Write out the data word for word, taking care that no picture is carried over.

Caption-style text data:
::::::::::

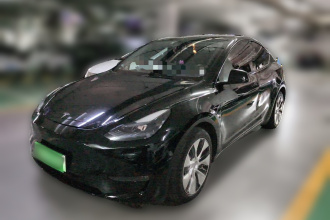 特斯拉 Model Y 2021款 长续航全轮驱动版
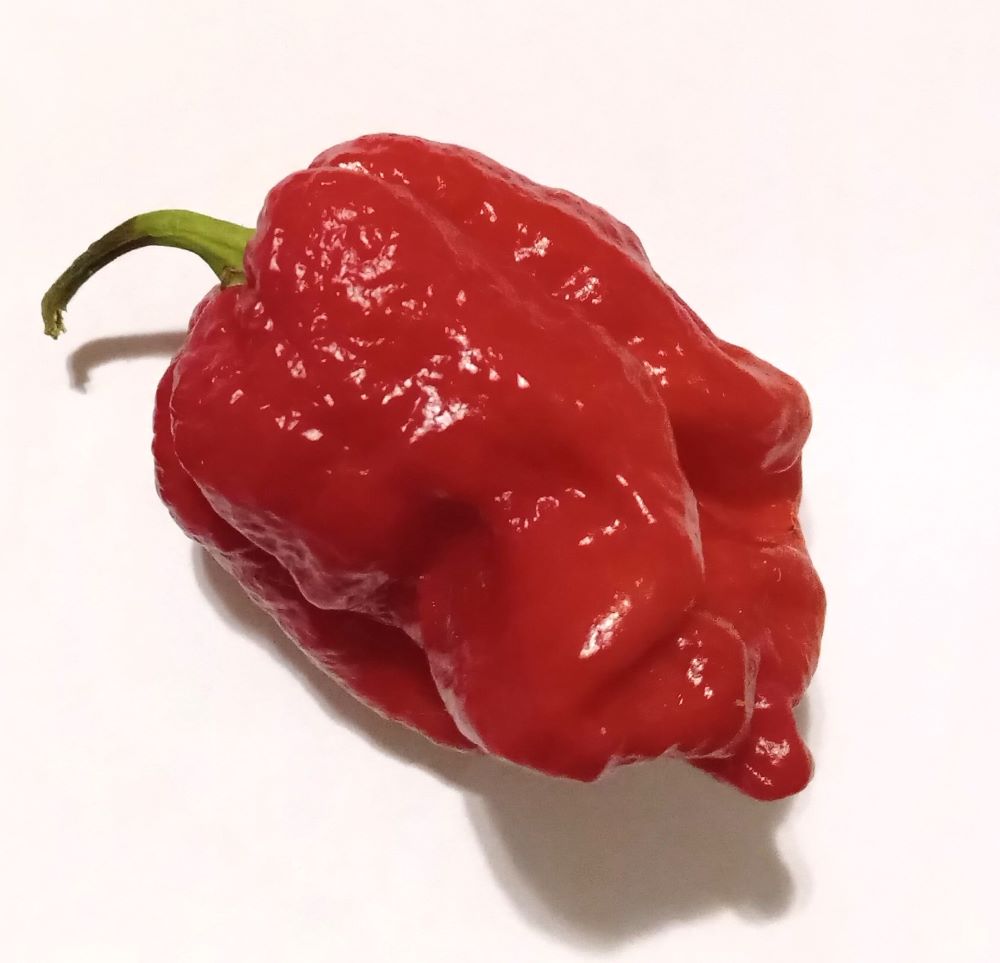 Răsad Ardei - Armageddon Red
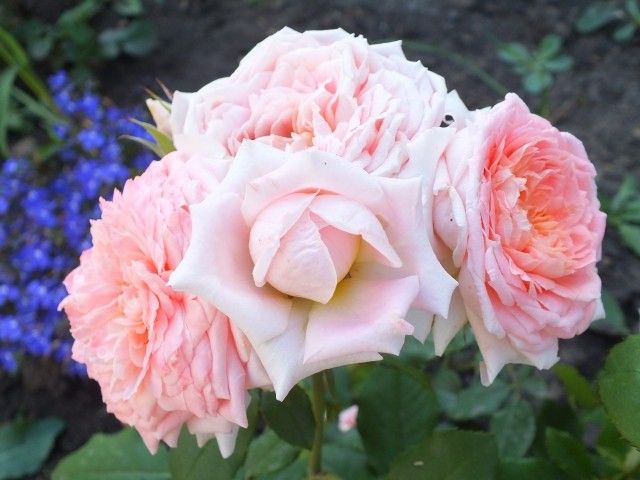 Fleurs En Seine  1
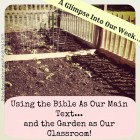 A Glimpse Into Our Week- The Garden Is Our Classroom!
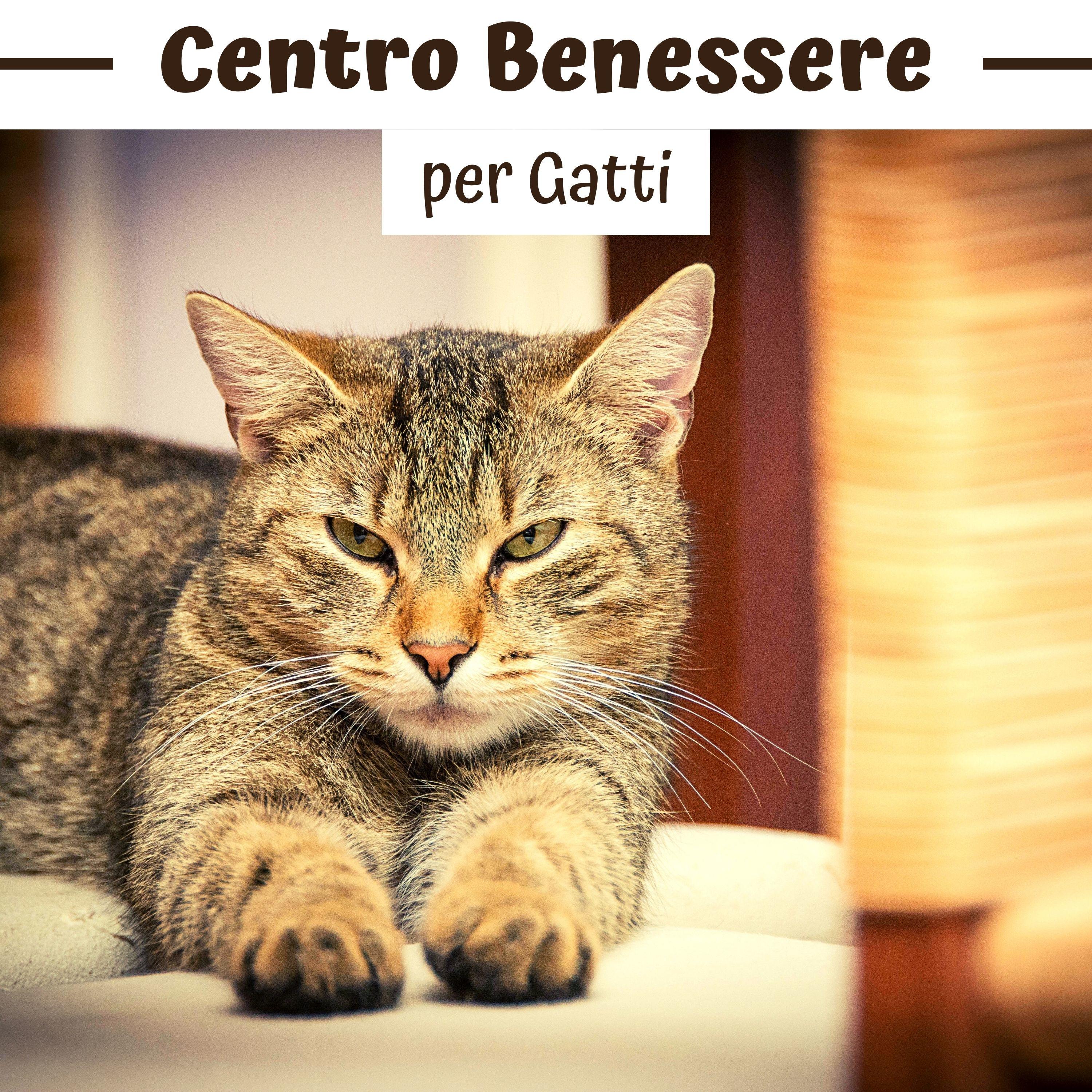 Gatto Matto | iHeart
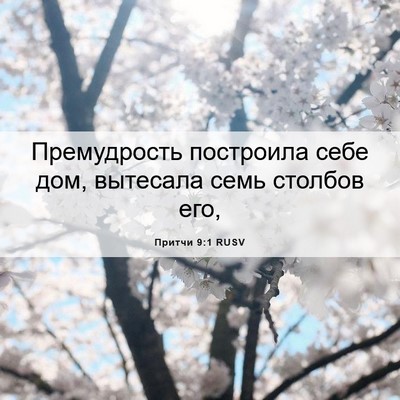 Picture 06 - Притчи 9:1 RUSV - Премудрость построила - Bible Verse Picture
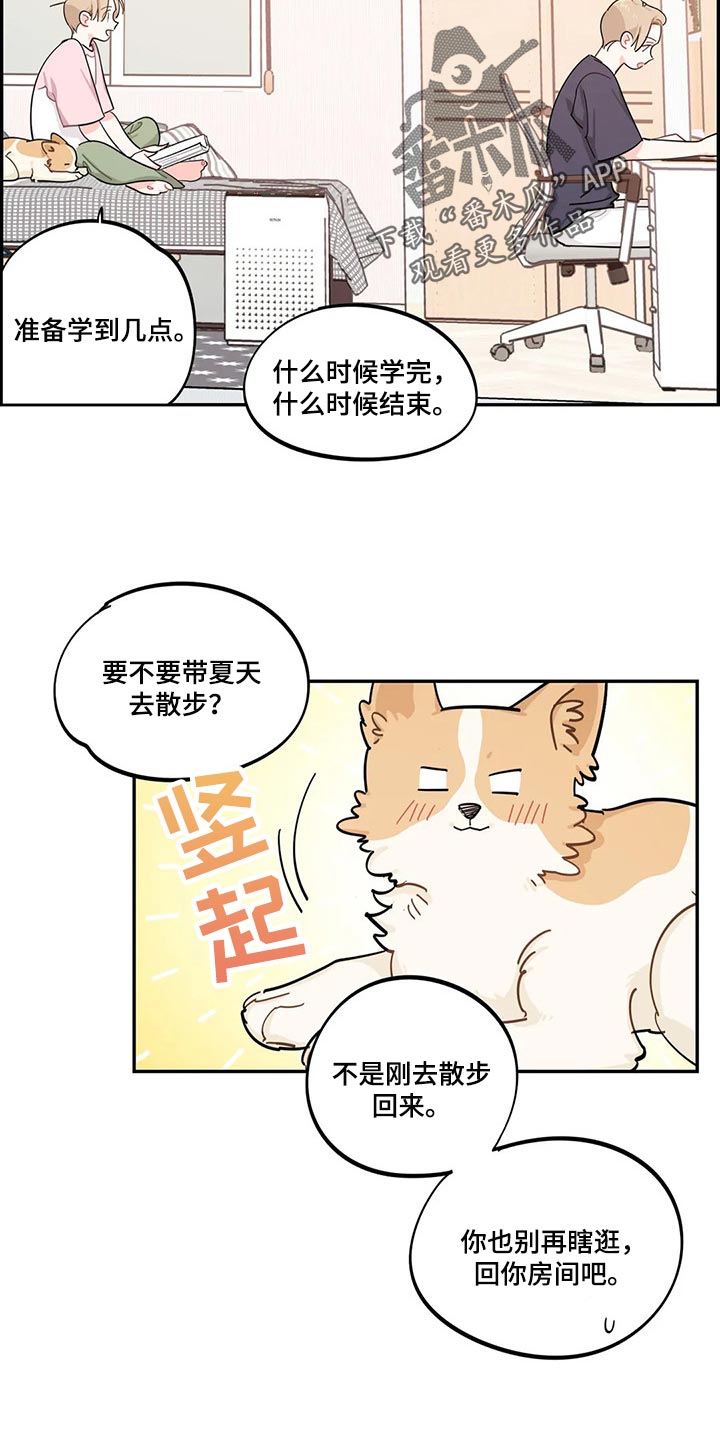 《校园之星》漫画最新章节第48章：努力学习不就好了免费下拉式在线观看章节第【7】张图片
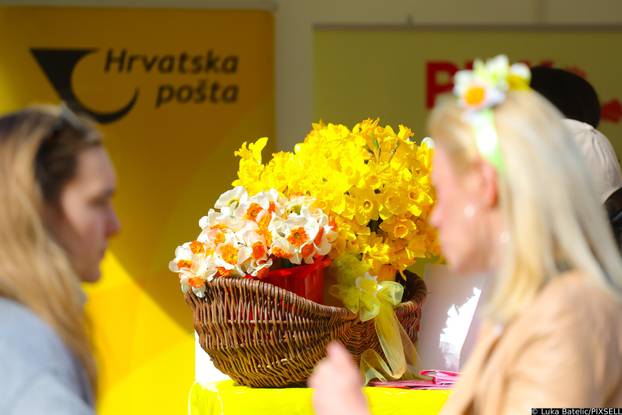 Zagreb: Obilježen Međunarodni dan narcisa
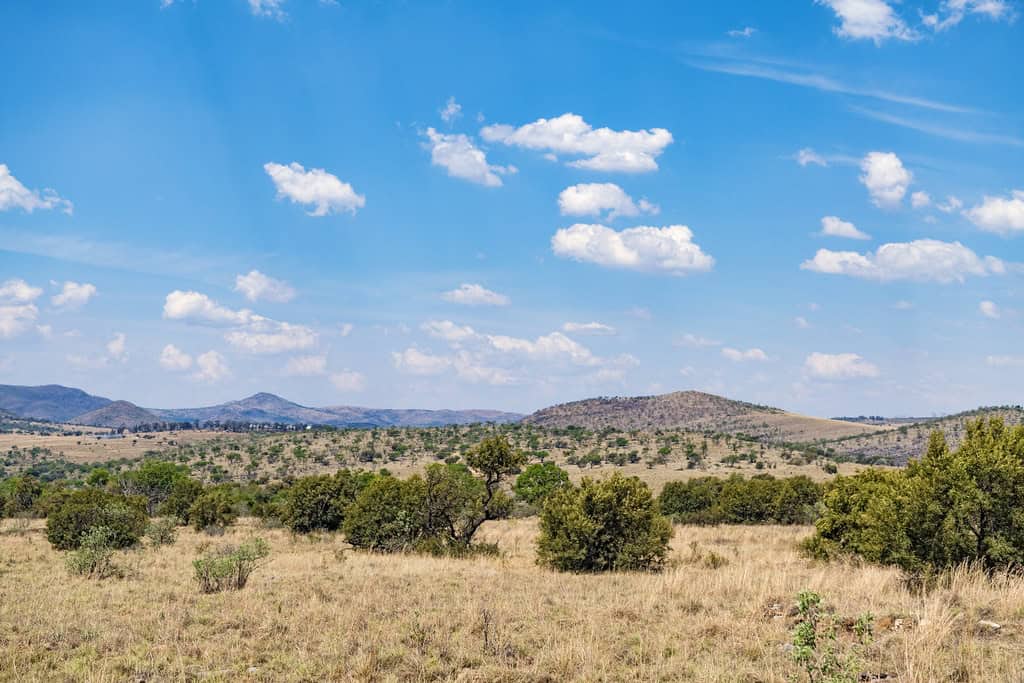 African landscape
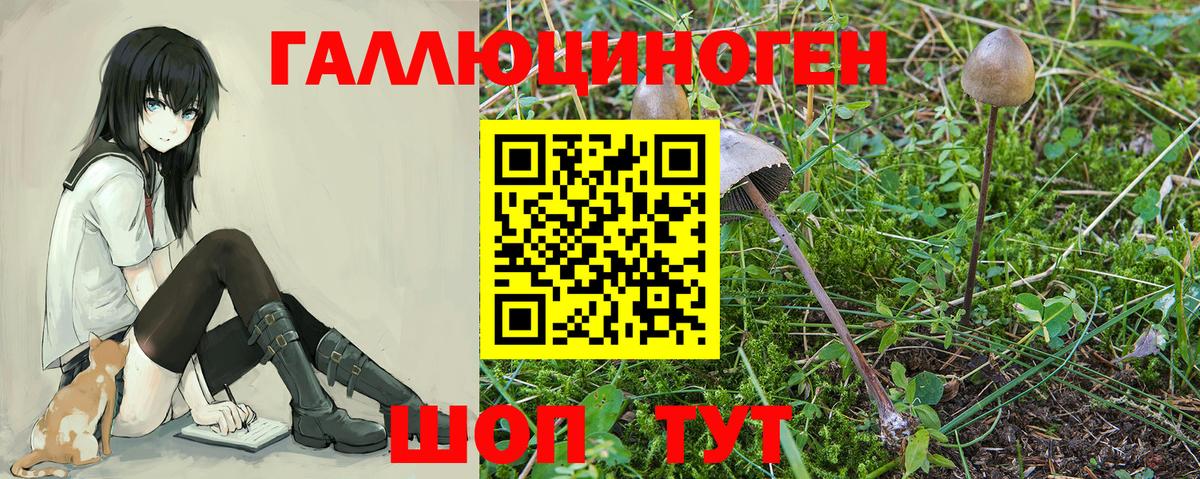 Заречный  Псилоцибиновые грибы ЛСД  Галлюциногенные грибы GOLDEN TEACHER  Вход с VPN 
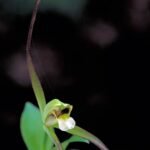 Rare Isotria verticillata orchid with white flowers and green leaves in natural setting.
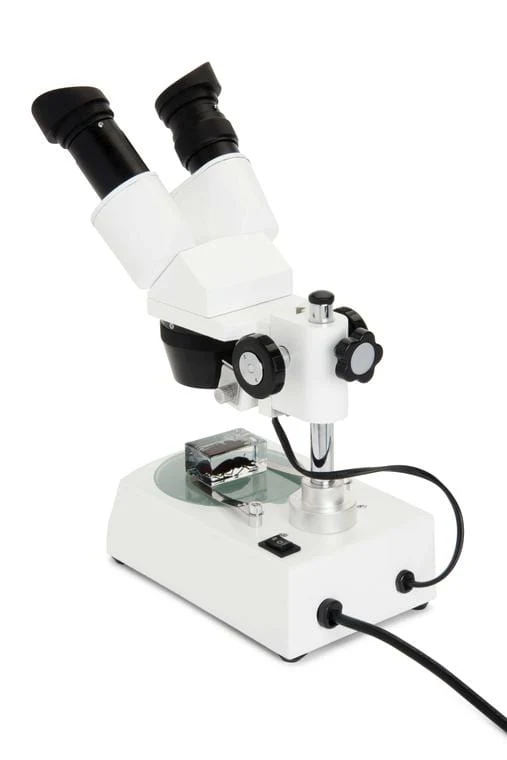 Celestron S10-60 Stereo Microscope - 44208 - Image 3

::::::::::

TASK RESULT:
 特斯拉 Model Y 2021款 长续航全轮驱动版
 Răsad Ardei - Armageddon Red
 Fleurs En Seine  1
 A Glimpse Into Our Week- The Garden Is Our Classroom!
 Gatto Matto | iHeart
 Picture 06 - Притчи 9:1 RUSV - Премудрость построила - Bible Verse Picture
 《校园之星》漫画最新章节第48章：努力学习不就好了免费下拉式在线观看章节第【7】张图片
 Zagreb: Obilježen Međunarodni dan narcisa
 African landscape
 Заречный  Псилоцибиновые грибы ЛСД  Галлюциногенные грибы GOLDEN TEACHER  Вход с VPN 
 Rare Isotria verticillata orchid with white flowers and green leaves in natural setting.
 Celestron S10-60 Stereo Microscope - 44208 - Image 3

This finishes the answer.